TASK ITEM: A faithful copy of the data is the goal; set it down exactly, without the images.

INPUT RECORDS:
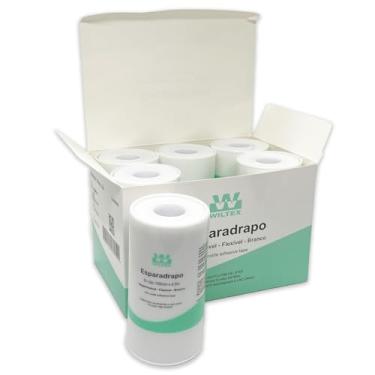 Imagem de Esparadrapo Branco Impermeável Wiltex 100mmx4,5m 6 unidades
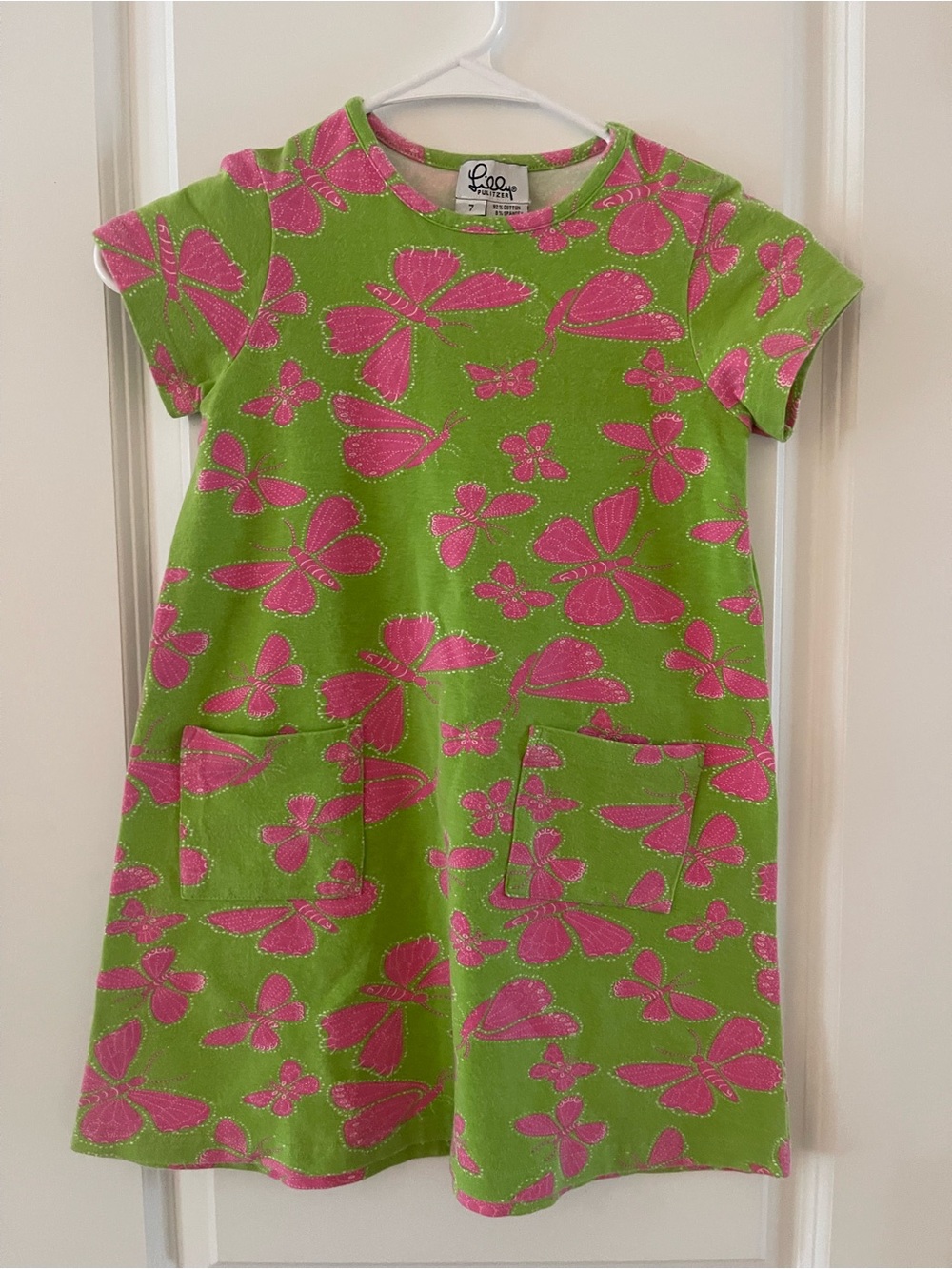 Lilly Pulitzer Lime Green Dress with Hot Pink Butterfly Print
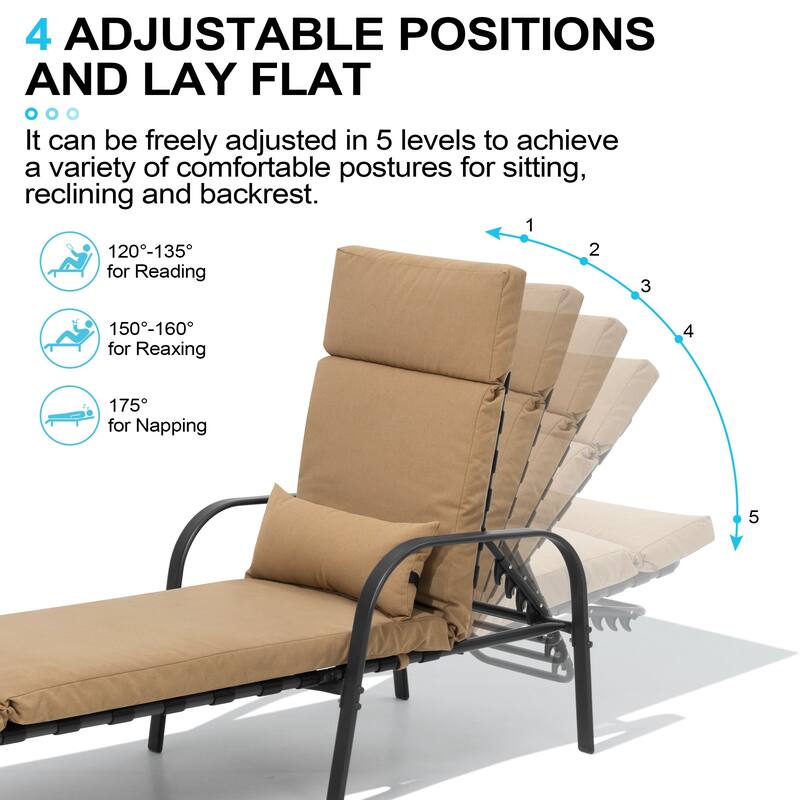Outdoor Premium All-weather Recliner Adjustable Chaise Lounge Chair with Cushion & Pillow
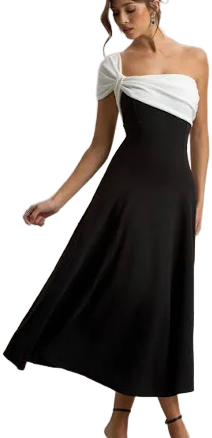 One-Shoulder Midi Dress
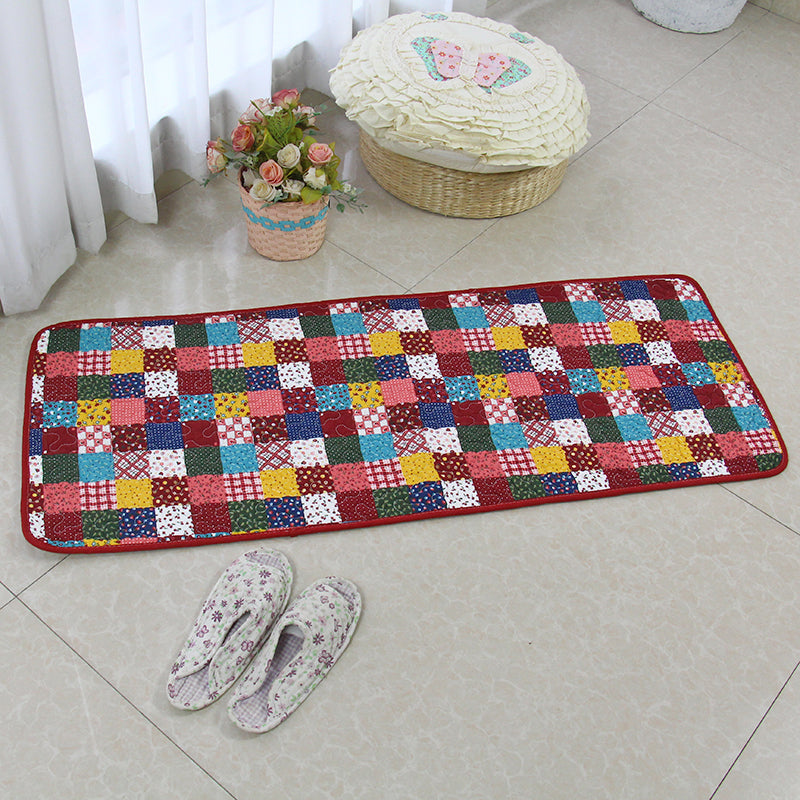 Multi Colored Floral Printed Rug Cotton Modern Indoor Rug Non-Slip Backing Easy Care Washable Area Carpet for Bedroom Dark Red 1'4" x 3'7" Clearhalo 'Area Rug' 'Modern' 'Rugs' Rug' 2434581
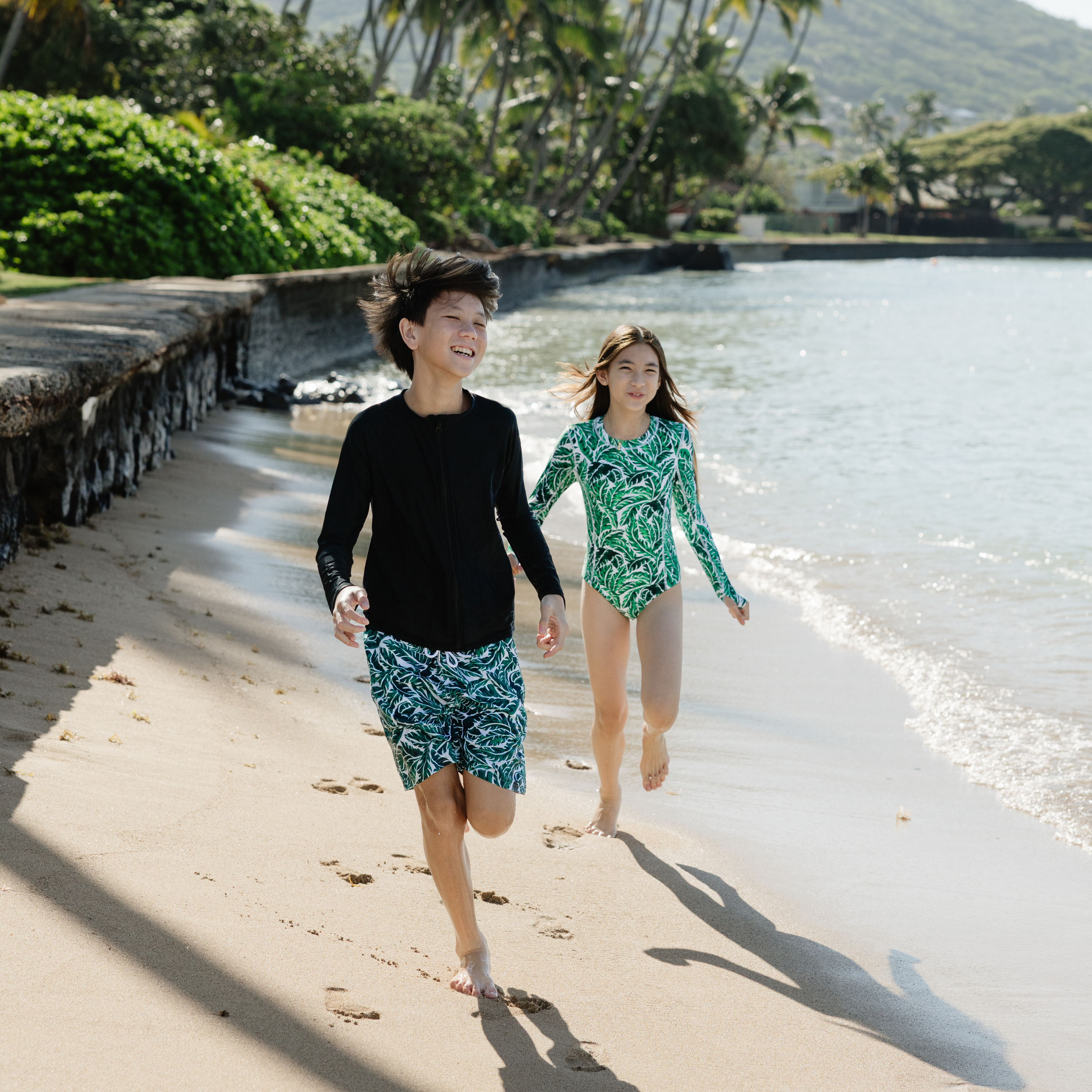 Boys Swim Trunks Boxer Brief Liner (sizes 6-14) | "Palm Leaf"-SwimZip UPF 50+ Sun Protective Swimwear & UV Zipper Rash Guards-pos9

RESPONSE AREA:
 Imagem de Esparadrapo Branco Impermeável Wiltex 100mmx4,5m 6 unidades
 Lilly Pulitzer Lime Green Dress with Hot Pink Butterfly Print
Outdoor Premium All-weather Recliner Adjustable Chaise Lounge Chair with Cushion & Pillow
 One-Shoulder Midi Dress
 Multi Colored Floral Printed Rug Cotton Modern Indoor Rug Non-Slip Backing Easy Care Washable Area Carpet for Bedroom Dark Red 1'4" x 3'7" Clearhalo 'Area Rug' 'Modern' 'Rugs' Rug' 2434581
 Boys Swim Trunks Boxer Brief Liner (sizes 6-14) | "Palm Leaf"-SwimZip UPF 50+ Sun Protective Swimwear & UV Zipper Rash Guards-pos9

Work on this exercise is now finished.